Imagine that when you put one of them to cover the other, some nodes of the two trees are overlapped while the others are not. You need to merge the two trees into a new binary tree. The merge rule is that if two nodes overlap, then sum node values up as the new value of the merged node.
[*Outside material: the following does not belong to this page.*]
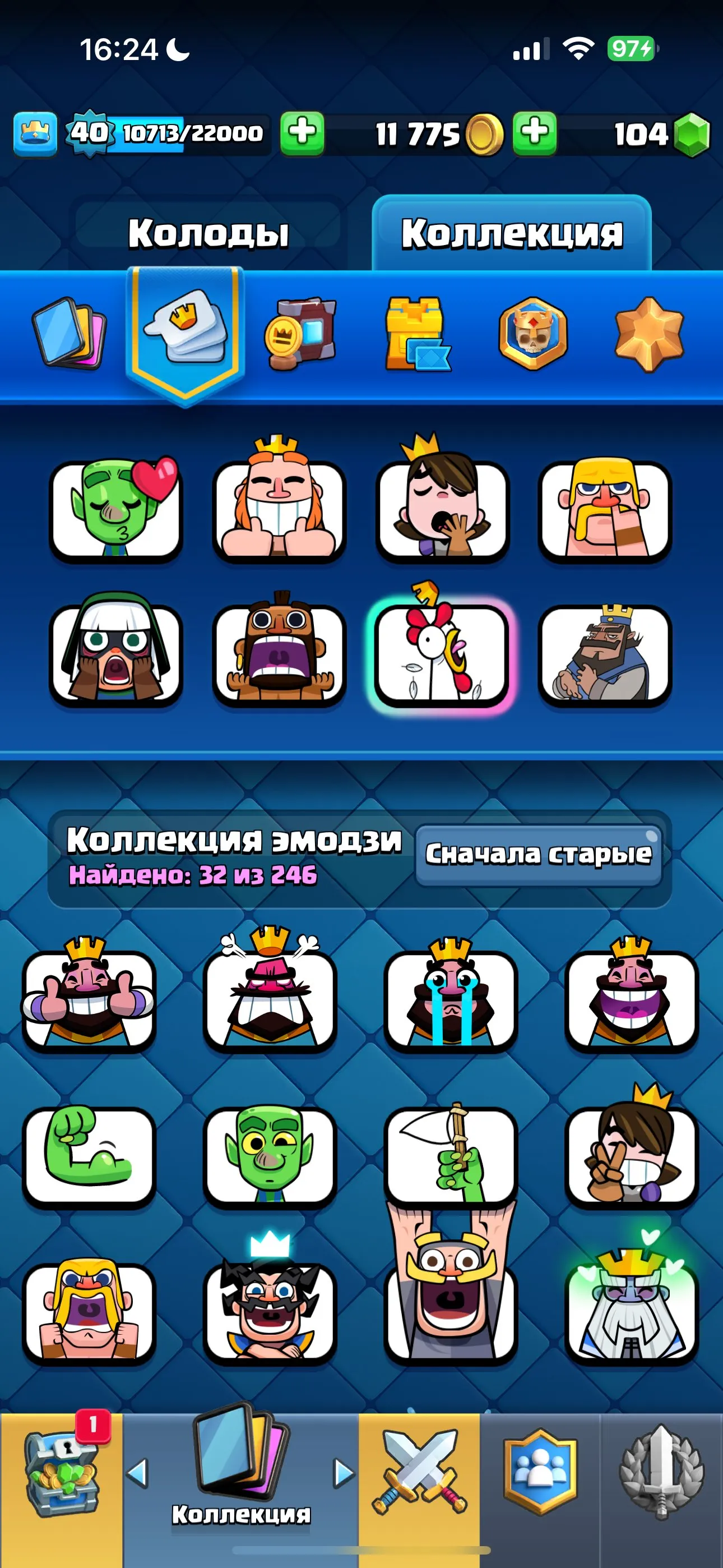 CR648 Arena 21 King Level 40 8015 Trophies 117 Cards 21 Legendary 5 Evolutions 11k Coins 104 Gems Max King Tower Level 15 Arena Cards Level 14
Otherwise, the NOT null node will be used as the node of the new tree.
Return the merged tree.
Note: The merging process must start from the root nodes of both trees.
Examples
Example 1:
Input: root1 = [1,3,2,5], root2 = [2,1,3,null,4,null,7] Output: [3,4,5,5,4,null,7]
Example 2:
Input: root1 = [1], root2 = [1,2] Output: [2,2]
Constraints
- The number of nodes in both trees is in the range
[0, 2000]. -104 <= Node.val <= 104
Thoughts
[!summary] This is a #DFS problem, can be solved with recursion
DFS preorder recursion:
-
Base case: one leaf is empty, return another
-
add value from root2 to root1
-
root1->left = recurse
-
root1->right = recurse
-
return root1
Solution
/**
* Definition for a binary tree node.
* struct TreeNode {
* int val;
* TreeNode *left;
* TreeNode *right;
* TreeNode() : val(0), left(nullptr), right(nullptr) {}
* TreeNode(int x) : val(x), left(nullptr), right(nullptr) {}
* TreeNode(int x, TreeNode *left, TreeNode *right) : val(x), left(left),
* right(right) {}
* };
*/
class Solution {
public:
TreeNode *mergeTrees(TreeNode *root1, TreeNode *root2) {
// DFS preorder
// if both are nullptr, return root2, which is a nullptr
if (!root1) {
return root2;
} else if (!root2) {
return root1;
}
root1->val += root2->val;
root1->left = mergeTrees(root1->left, root2->left);
root1->right = mergeTrees(root1->right, root2->right);
return root1;
}
};